Mistral

Mistral’s Voxtral family covers the whole speech surface: transcription (one-shot and live), and text-to-speech with streaming output and zero-shot voice cloning. It plugs into the generic Transcriber and SpeechSynthesizer tags, so it drops straight into the voice loop or any STT/TTS flow. The same package also ships Mistral’s chat language model.

Install

pnpm add @effect-uai/core @effect-uai/mistral effect

Live transcription runs over a WebSocket and needs the ws peer dep (Node / Bun):

pnpm add ws

Batch transcription and TTS don’t need it, so edge / browser builds stay slim.

Layers

Pick the transcriber that matches how you feed audio, a recorded file (batch) or a live microphone (realtime), and add the synthesizer for speech output:

Layer	Use it for	Provides
`@effect-uai/mistral/MistralTranscriber`	transcribe a finished audio file	`Transcriber`
`@effect-uai/mistral/MistralRealtimeTranscriber`	transcribe a live audio stream	`Transcriber` + live streaming
`@effect-uai/mistral/MistralSynthesizer`	turn text into speech	`SpeechSynthesizer` + streaming text input

import { Config, Effect, Layer } from "effect"
import { FetchHttpClient } from "effect/unstable/http"
import { layer as realtimeLayer } from "@effect-uai/mistral/MistralRealtimeTranscriber"
import { layer as synthLayer } from "@effect-uai/mistral/MistralSynthesizer"

const mistral = Layer.unwrap(
  Effect.gen(function* () {
    const apiKey = yield* Config.redacted("MISTRAL_API_KEY")
    return Layer.mergeAll(realtimeLayer({ apiKey }), synthLayer({ apiKey }))
  }),
)

const mainLayer = mistral.pipe(Layer.provide(FetchHttpClient.layer))

Transcription

Batch transcription takes an AudioSource and returns the text plus optional word timestamps and speaker labels:

type MistralTranscribeRequest = {
  readonly model: MistralTranscribeModel // "voxtral-mini-latest"
  readonly audio: AudioSource
  readonly language?: string
  readonly diarization?: boolean // label speakers
  readonly wordTimestamps?: boolean // per-word timings
  readonly biasingTerms?: ReadonlyArray<string> // boost names / jargon
}

Voxtral transcribes 13 languages with diarization, word timestamps, and vocabulary biasing.

Live transcription (streamTranscriptionFrom) consumes a stream of microphone audio (PCM s16le at 16 kHz mono) and emits partial transcripts as you speak.
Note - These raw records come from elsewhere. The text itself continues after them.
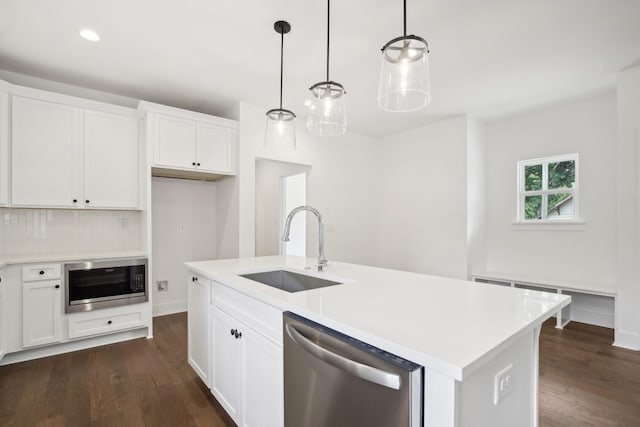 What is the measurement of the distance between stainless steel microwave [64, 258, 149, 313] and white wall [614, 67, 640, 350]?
4.73 meters

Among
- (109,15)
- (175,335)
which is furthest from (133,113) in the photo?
(175,335)

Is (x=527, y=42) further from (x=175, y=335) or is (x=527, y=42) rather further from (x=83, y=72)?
(x=175, y=335)

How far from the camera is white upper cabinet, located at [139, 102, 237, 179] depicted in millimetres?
3295

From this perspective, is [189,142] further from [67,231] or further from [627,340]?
[627,340]

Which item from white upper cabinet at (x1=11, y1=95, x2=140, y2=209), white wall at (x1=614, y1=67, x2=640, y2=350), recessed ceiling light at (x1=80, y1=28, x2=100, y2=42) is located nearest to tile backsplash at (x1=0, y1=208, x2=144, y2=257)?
white upper cabinet at (x1=11, y1=95, x2=140, y2=209)

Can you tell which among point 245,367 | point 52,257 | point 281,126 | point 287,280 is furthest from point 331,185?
point 245,367

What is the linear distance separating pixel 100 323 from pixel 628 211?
17.0 feet

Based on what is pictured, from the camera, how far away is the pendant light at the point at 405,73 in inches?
55.1

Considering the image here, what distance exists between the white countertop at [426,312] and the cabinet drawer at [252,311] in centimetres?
5

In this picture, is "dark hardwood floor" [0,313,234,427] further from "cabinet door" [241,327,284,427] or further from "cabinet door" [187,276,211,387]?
"cabinet door" [241,327,284,427]

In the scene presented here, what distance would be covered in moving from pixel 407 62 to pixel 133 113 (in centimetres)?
309

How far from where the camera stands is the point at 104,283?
9.95 ft

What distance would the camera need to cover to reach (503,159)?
14.6 ft

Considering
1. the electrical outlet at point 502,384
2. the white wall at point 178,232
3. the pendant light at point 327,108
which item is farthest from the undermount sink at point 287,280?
the white wall at point 178,232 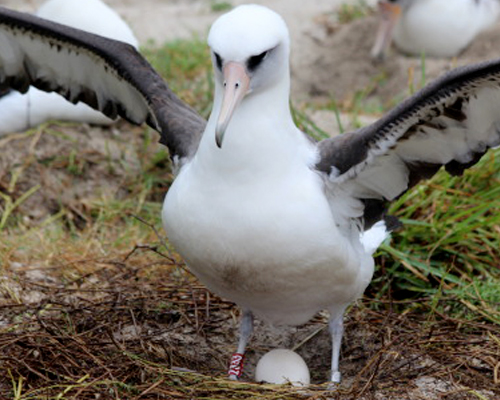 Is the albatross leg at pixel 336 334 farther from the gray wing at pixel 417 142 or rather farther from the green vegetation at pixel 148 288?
the gray wing at pixel 417 142

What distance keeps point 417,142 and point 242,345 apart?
3.90 feet

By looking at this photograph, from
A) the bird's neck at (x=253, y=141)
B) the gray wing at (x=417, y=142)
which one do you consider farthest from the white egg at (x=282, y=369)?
the bird's neck at (x=253, y=141)

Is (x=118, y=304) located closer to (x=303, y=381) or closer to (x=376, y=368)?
(x=303, y=381)

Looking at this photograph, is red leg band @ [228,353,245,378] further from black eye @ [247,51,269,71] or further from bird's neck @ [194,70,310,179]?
black eye @ [247,51,269,71]

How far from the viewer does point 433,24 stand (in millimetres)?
8570

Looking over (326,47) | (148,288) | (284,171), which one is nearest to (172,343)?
(148,288)

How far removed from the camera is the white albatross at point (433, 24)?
8.47 meters

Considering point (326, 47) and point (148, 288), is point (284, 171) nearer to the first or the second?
point (148, 288)

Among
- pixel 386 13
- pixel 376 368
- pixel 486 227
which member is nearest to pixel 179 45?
pixel 386 13

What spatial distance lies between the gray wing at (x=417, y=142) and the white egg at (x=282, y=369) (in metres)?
0.63

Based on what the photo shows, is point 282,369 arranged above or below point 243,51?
below

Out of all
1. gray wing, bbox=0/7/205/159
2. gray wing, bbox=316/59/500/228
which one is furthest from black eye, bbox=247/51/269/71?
gray wing, bbox=0/7/205/159

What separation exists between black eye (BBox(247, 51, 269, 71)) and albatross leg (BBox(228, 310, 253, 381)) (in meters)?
1.19

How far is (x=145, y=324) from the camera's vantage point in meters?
4.39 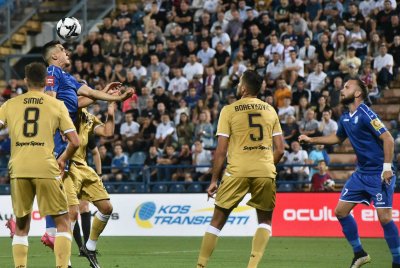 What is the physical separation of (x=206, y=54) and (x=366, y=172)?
1476 cm

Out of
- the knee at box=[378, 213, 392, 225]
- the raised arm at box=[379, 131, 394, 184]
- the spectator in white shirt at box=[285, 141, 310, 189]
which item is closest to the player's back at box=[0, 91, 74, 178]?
the raised arm at box=[379, 131, 394, 184]

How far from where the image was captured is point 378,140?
12.3 metres

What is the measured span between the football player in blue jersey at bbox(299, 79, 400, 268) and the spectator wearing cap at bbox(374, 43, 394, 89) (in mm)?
11705

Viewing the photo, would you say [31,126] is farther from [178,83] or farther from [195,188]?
[178,83]

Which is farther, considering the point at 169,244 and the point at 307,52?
the point at 307,52

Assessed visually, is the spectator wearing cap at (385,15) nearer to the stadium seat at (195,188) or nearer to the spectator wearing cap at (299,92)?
the spectator wearing cap at (299,92)

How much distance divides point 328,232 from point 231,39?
26.5 feet

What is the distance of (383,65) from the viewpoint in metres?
24.1

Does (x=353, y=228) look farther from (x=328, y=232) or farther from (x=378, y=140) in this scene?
(x=328, y=232)

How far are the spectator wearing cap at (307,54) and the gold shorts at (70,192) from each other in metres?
13.3

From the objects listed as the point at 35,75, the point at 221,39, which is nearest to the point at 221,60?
the point at 221,39

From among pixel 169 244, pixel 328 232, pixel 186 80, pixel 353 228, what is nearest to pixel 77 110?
pixel 353 228

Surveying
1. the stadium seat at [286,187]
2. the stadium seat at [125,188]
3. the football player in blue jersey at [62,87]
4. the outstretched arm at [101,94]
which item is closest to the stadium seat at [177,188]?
the stadium seat at [125,188]

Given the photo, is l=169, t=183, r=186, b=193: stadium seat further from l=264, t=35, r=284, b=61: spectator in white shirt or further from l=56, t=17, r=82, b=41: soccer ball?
l=56, t=17, r=82, b=41: soccer ball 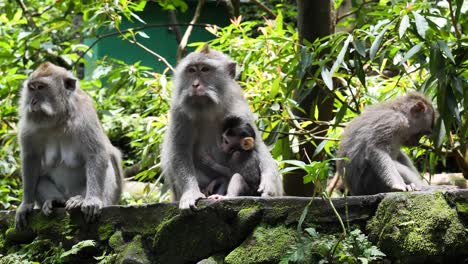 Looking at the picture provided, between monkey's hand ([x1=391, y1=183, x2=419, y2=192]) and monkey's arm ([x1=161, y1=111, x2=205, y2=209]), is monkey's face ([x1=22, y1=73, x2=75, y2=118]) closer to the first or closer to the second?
monkey's arm ([x1=161, y1=111, x2=205, y2=209])

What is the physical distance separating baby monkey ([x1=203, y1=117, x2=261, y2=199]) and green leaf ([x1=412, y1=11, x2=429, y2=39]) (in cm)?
160

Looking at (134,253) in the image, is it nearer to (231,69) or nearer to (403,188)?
(231,69)

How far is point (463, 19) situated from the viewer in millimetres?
6492

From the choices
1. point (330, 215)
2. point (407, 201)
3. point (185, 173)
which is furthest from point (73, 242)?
point (407, 201)

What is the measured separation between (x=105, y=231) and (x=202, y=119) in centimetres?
123


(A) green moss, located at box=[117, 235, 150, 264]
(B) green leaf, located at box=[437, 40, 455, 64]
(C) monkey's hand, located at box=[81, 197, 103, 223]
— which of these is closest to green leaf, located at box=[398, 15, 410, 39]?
(B) green leaf, located at box=[437, 40, 455, 64]

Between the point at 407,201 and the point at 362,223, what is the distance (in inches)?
A: 12.3

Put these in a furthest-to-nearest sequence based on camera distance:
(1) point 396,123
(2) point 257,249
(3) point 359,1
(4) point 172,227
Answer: (3) point 359,1, (1) point 396,123, (4) point 172,227, (2) point 257,249

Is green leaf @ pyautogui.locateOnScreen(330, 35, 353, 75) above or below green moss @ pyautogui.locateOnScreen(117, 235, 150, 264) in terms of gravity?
above

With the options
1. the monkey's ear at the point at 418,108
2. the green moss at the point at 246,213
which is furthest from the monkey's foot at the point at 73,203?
the monkey's ear at the point at 418,108

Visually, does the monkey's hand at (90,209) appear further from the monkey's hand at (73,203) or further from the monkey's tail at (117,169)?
the monkey's tail at (117,169)

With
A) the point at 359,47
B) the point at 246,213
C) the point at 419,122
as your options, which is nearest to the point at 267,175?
the point at 246,213

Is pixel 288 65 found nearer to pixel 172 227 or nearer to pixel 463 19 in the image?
pixel 463 19

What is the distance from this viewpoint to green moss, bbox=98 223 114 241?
17.0 ft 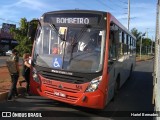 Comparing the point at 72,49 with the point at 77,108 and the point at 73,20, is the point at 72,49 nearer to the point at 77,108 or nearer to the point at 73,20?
the point at 73,20

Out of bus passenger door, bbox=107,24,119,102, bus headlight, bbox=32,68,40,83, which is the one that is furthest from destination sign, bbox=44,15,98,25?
bus headlight, bbox=32,68,40,83

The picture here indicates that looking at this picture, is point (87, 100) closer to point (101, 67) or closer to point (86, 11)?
point (101, 67)

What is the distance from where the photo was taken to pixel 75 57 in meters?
8.86

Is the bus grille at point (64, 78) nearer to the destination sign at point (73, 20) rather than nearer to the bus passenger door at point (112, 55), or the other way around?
the bus passenger door at point (112, 55)

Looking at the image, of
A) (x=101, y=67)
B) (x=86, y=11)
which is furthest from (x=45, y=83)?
(x=86, y=11)

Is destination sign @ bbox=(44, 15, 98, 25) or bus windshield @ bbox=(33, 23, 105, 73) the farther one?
destination sign @ bbox=(44, 15, 98, 25)

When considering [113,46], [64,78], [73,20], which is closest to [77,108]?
[64,78]

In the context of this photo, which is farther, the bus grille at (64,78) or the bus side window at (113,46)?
the bus side window at (113,46)

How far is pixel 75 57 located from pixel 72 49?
0.28m

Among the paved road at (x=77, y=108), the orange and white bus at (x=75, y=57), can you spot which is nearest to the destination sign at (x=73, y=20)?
the orange and white bus at (x=75, y=57)

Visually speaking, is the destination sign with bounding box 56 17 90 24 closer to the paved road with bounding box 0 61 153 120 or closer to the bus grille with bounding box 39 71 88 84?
the bus grille with bounding box 39 71 88 84

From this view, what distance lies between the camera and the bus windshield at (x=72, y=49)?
8.75m

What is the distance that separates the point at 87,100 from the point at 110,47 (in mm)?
1734

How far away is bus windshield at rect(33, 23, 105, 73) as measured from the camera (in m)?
8.75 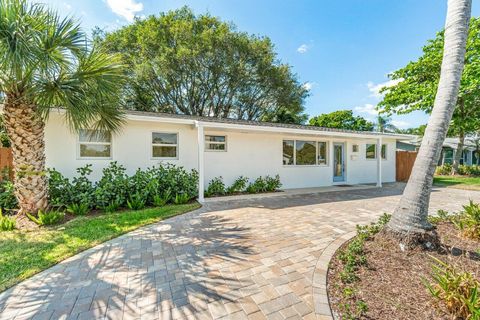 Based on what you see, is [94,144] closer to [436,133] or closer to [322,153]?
[436,133]

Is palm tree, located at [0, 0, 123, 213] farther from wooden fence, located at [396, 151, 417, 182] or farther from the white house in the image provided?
wooden fence, located at [396, 151, 417, 182]

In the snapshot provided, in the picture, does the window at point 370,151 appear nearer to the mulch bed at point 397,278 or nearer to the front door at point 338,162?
the front door at point 338,162

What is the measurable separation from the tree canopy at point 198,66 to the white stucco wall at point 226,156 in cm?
1111

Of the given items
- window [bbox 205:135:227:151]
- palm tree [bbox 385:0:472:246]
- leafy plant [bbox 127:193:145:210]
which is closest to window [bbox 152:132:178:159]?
window [bbox 205:135:227:151]

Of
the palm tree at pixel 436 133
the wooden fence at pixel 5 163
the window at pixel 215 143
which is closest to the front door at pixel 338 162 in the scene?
the window at pixel 215 143

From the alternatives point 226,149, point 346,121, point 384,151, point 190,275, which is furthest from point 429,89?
point 346,121

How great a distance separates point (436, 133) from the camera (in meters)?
3.65

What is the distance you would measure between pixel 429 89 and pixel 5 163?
68.6ft

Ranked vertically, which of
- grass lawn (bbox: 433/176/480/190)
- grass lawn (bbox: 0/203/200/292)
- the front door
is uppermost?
the front door

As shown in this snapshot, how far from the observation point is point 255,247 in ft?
13.5

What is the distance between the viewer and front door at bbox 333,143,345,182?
12.5 meters

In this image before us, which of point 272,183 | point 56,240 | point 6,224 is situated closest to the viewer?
point 56,240

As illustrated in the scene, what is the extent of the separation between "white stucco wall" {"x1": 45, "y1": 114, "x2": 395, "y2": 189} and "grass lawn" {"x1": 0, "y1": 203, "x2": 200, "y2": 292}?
2601 mm

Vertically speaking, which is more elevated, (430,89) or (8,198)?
(430,89) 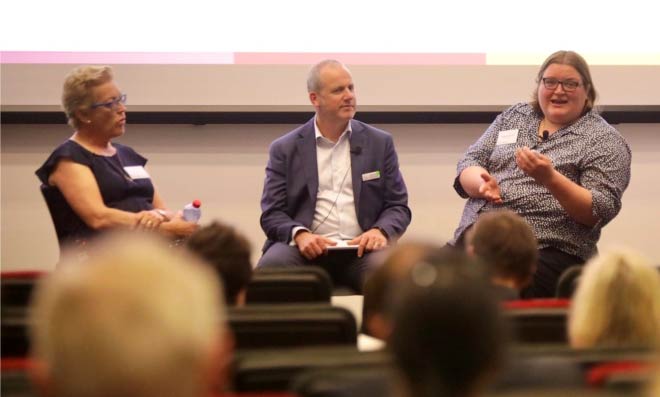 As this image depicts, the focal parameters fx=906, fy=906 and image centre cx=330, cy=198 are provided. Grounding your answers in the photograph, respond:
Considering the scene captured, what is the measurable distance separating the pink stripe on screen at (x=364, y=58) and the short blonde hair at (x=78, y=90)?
1509mm

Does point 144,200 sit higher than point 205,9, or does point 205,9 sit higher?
point 205,9

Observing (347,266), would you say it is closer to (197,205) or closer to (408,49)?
(197,205)

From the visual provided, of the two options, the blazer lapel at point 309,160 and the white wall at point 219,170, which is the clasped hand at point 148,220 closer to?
the blazer lapel at point 309,160

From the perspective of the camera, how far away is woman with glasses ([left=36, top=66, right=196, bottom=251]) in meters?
3.55

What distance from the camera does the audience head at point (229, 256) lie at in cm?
233

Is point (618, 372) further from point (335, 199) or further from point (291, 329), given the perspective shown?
Answer: point (335, 199)

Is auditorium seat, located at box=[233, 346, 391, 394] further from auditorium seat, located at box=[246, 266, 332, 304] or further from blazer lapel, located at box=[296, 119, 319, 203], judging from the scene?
blazer lapel, located at box=[296, 119, 319, 203]

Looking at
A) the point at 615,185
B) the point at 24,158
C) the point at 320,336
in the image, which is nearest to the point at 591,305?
the point at 320,336

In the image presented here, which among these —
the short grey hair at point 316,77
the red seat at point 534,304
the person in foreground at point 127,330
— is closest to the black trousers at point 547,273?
the short grey hair at point 316,77

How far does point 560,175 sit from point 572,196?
3.9 inches

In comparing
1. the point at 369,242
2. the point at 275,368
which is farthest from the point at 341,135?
the point at 275,368

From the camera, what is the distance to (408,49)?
524 centimetres

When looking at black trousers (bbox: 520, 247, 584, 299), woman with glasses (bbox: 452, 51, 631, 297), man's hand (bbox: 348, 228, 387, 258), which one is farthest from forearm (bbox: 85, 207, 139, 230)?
black trousers (bbox: 520, 247, 584, 299)

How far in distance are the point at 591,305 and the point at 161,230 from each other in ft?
7.12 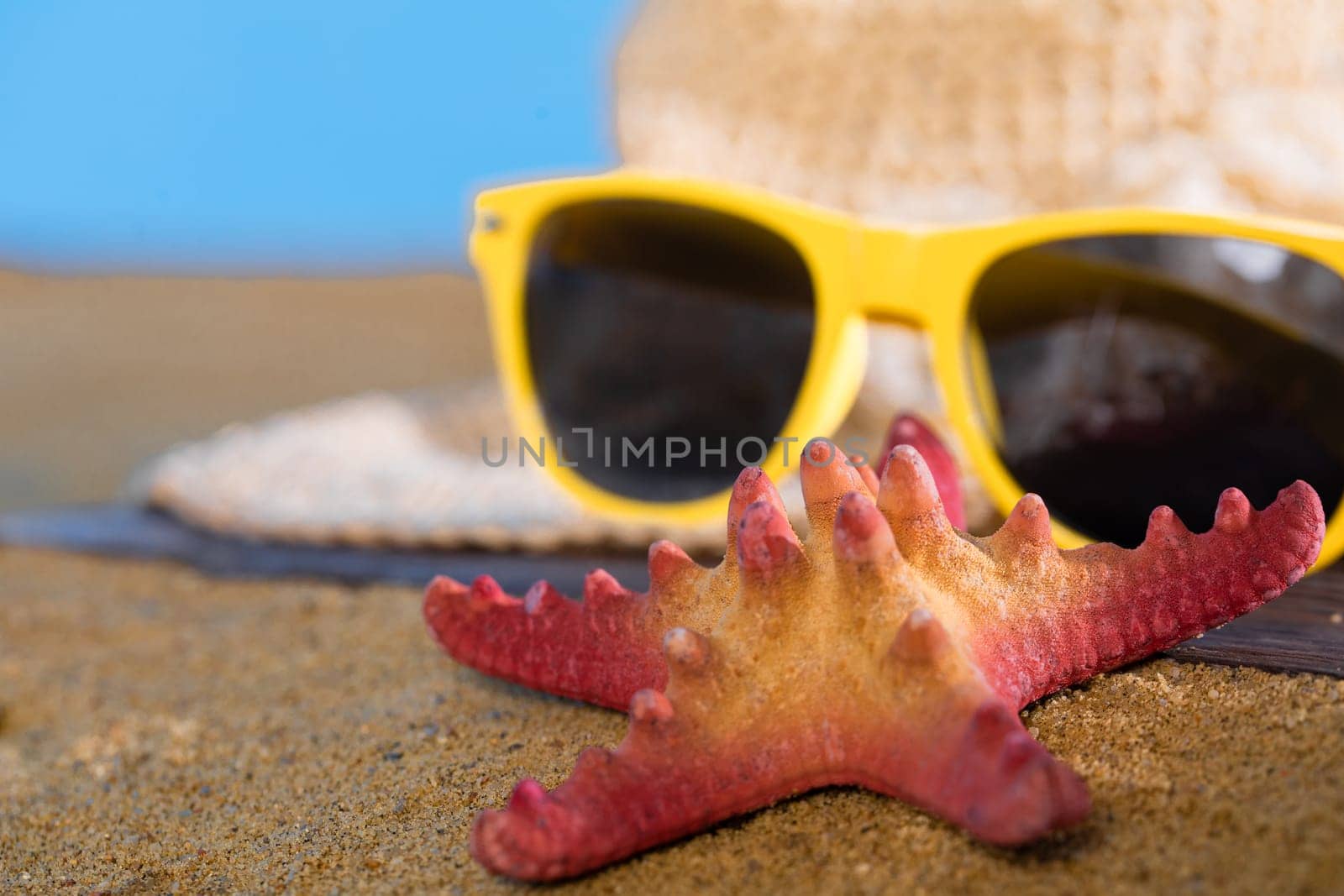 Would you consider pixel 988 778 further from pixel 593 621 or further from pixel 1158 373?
pixel 1158 373

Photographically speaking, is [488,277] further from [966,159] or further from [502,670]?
[502,670]

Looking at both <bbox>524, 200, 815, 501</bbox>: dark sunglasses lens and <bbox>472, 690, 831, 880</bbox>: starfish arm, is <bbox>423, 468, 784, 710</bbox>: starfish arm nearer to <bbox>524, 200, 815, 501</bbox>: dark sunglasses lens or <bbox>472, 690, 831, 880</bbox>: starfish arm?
<bbox>472, 690, 831, 880</bbox>: starfish arm

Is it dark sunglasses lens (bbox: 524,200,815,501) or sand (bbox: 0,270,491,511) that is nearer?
dark sunglasses lens (bbox: 524,200,815,501)

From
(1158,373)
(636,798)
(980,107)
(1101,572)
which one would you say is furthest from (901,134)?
(636,798)

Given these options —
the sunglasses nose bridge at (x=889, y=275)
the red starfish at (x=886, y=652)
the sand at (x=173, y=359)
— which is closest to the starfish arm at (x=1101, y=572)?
the red starfish at (x=886, y=652)

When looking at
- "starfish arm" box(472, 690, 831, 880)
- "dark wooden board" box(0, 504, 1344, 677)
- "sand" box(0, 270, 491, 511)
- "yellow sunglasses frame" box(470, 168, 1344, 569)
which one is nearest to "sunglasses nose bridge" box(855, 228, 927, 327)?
"yellow sunglasses frame" box(470, 168, 1344, 569)

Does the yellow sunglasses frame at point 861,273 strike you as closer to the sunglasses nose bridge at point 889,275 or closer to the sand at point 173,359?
the sunglasses nose bridge at point 889,275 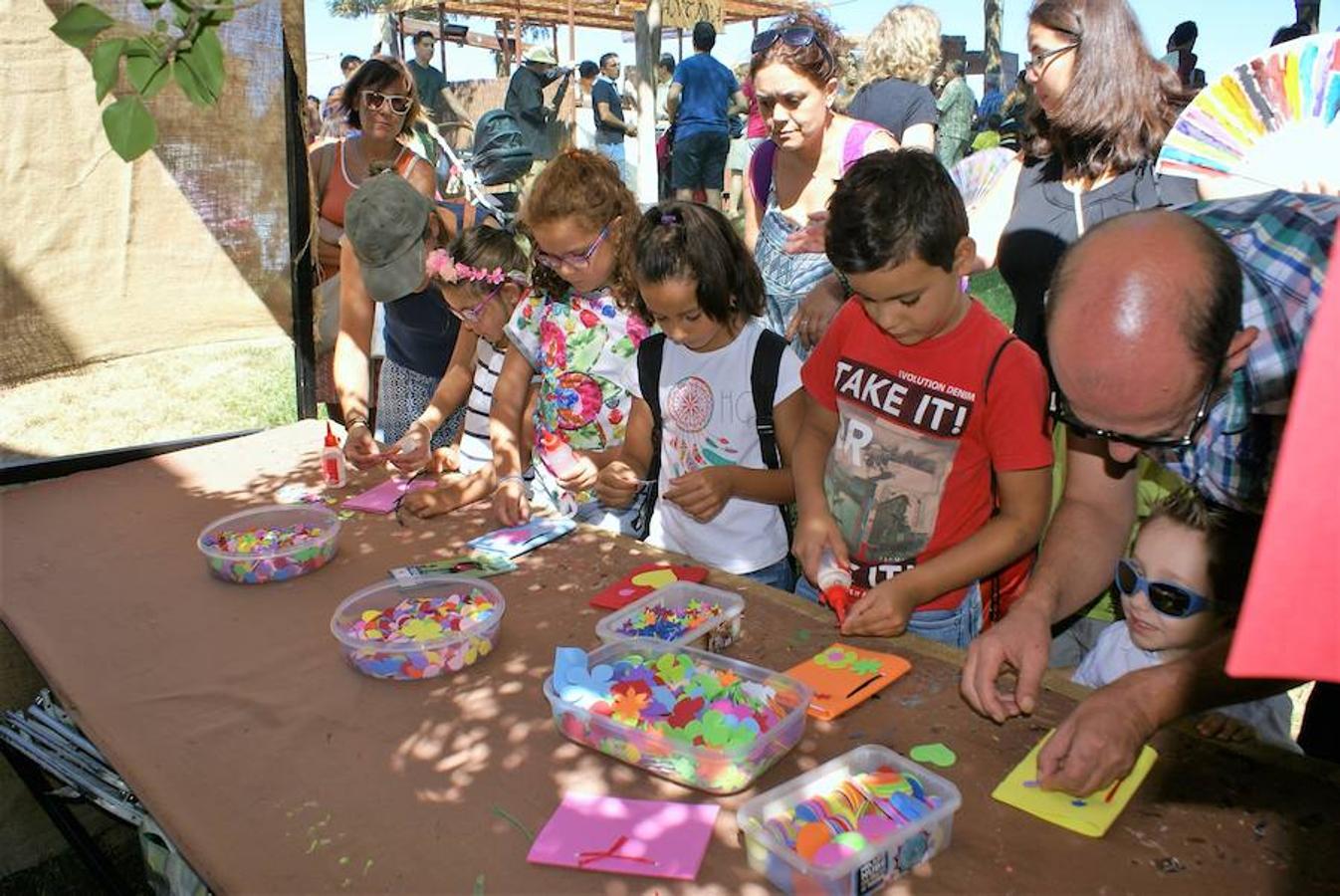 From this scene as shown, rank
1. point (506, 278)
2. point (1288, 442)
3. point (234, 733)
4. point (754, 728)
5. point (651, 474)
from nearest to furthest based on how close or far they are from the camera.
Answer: point (1288, 442), point (754, 728), point (234, 733), point (651, 474), point (506, 278)

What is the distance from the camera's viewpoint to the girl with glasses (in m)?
2.54

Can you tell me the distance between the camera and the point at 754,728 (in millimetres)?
1365

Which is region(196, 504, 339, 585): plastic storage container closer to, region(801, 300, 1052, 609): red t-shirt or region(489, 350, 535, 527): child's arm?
region(489, 350, 535, 527): child's arm

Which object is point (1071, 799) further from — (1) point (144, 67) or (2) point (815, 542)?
(1) point (144, 67)

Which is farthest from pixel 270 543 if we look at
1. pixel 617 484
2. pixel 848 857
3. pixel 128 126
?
pixel 848 857

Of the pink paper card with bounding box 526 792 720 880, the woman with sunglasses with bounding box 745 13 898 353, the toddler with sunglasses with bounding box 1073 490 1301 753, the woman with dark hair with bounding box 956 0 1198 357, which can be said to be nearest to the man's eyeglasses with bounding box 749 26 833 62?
the woman with sunglasses with bounding box 745 13 898 353

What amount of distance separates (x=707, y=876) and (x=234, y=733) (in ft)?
2.73

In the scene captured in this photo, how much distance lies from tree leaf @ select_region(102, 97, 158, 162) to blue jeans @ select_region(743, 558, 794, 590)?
1.59m

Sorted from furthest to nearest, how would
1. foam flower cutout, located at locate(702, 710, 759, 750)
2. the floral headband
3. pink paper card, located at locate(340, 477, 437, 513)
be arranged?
the floral headband < pink paper card, located at locate(340, 477, 437, 513) < foam flower cutout, located at locate(702, 710, 759, 750)

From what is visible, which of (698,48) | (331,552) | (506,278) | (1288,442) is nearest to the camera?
(1288,442)

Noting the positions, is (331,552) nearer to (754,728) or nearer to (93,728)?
(93,728)

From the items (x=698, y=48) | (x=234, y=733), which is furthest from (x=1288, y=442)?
(x=698, y=48)

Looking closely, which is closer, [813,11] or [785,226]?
[785,226]

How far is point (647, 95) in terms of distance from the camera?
9547 millimetres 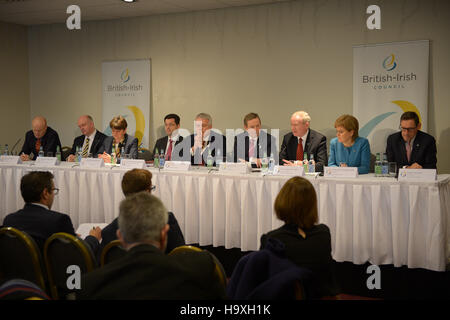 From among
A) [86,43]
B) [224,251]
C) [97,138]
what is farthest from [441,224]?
[86,43]

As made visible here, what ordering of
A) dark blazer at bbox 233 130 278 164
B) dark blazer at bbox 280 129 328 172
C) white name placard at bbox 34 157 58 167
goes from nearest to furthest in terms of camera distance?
1. dark blazer at bbox 280 129 328 172
2. white name placard at bbox 34 157 58 167
3. dark blazer at bbox 233 130 278 164

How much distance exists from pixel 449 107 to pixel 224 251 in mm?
3219

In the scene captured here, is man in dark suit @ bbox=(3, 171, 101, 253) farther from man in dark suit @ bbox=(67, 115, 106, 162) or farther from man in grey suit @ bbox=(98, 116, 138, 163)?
man in dark suit @ bbox=(67, 115, 106, 162)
Voxtral streams continuously rather than chopping speech into turns, so the transcriber commits a final after a brief pause; tune the pause with utteranceSilence (a Duration, default 700 ms) on the layer config. That’s what gives a voice assistant its per-utterance turns.

Text-to-speech

type MistralSynthesizeRequest = {
  readonly model: MistralTtsModel // "voxtral-mini-tts-2603"
  readonly voiceId: string // a preset voice id
  readonly refAudio?: string // base64 clip for instant voice cloning
  readonly text: string // omit when streaming text in
  readonly outputFormat?: AudioFormat
}

synthesize: full text in, one audio blob out.
streamSynthesis / streamSynthesisFrom: stream audio out as it’s generated, the latter taking the text itself as a stream (it speaks one full utterance per call). Time-to-first-audio is around 0.8 s with the pcm format.

Voices. Mistral ships preset voices; list the ones available to your account with GET /v1/audio/voices?type=presets (ids look like gb_jane_neutral, us_paul_neutral) and pass one as voiceId. For zero-shot cloning, set refAudio to a 2-3 s base64 reference clip and it takes over from voiceId.

Output formats. pcm (lowest latency, ideal for AudioWorklet playback), wav, mp3, flac, and opus. Voxtral has no phoneme controls, so inline pronunciation overrides aren’t supported.

Errors

Failures surface as typed AiError variants:

Status	Error
`429`	`AiError.RateLimited`
`408`/`504`	`AiError.Timeout`
`401`	`AiError.AuthFailed` (`auth`)
`>= 500`	`AiError.Unavailable`
other 4xx	`AiError.InvalidRequest`

Mid-stream transcription hiccups arrive as TranscriptEvents tagged "error" without ending the stream.